At Subskribe, we solve pretty hard engineering problems. One such hard problem is mutual exclusion of invoice generation. This blog post is the story of how we achieved this without spending a lot of engineering hours by utilizing the technologies at our disposal.

If there is anything that I have learned over the past 15 years of my engineering career, it is that distributed computing is not an easy problem to tackle. 

Thankfully, several people have realized the same over the years and took the work by Dr. Leslie Lamport (Paxos) and turned it into scalable solutions like Apache Zookeeper, ETCD, and Chubby. These solutions are wonderful and will always be used to solve hard distributed computing problems. They require a good level of expertise to operate and maintain and usually require a team to support them when they grow really large.

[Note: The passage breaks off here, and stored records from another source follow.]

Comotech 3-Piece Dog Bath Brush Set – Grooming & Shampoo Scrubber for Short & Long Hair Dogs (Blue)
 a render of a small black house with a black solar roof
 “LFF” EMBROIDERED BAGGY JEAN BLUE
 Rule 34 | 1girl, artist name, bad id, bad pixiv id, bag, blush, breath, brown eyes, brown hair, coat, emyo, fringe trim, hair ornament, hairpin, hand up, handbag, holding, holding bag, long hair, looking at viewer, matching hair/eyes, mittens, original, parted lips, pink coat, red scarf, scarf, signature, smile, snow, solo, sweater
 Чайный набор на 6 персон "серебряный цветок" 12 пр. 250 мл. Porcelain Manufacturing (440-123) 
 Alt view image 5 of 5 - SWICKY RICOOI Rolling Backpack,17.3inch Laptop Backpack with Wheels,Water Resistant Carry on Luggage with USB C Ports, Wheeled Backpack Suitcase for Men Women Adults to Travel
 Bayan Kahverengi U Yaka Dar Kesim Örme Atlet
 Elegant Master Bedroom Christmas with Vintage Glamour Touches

But, sometimes, you have available existing tools that you can use, such as a fully functioning Postgres database. This blog post provides deeper details about how we leveraged Postgres to solve the problem of Distributed Mutual Execution for our invoice generation needs.

Problem Statement

We build mission critical business logic. The business logic gets quite complex, and one critical area of this business logic is invoice generation. There are several constraints on invoice generation, and one such constraint is, "at any given time you should generate only one invoice for a given subscription."

Let us see how this constraint can be violated in a distributed scenario. Imagine two machines M1 and M2 both get instructions to generate an invoice for a subscription S1. M1 wants to generate a usage-related invoice for S1, but M2 wants to generate a recurring-charges-related invoice for S1.

Invoice generation problem

If M1 is not aware of M2 and cannot coordinate, they may generate an Invoice for S1 at the same time, andvoilàwe have violated our constraint, "at any given time you should generate only one invoice for a given subscription."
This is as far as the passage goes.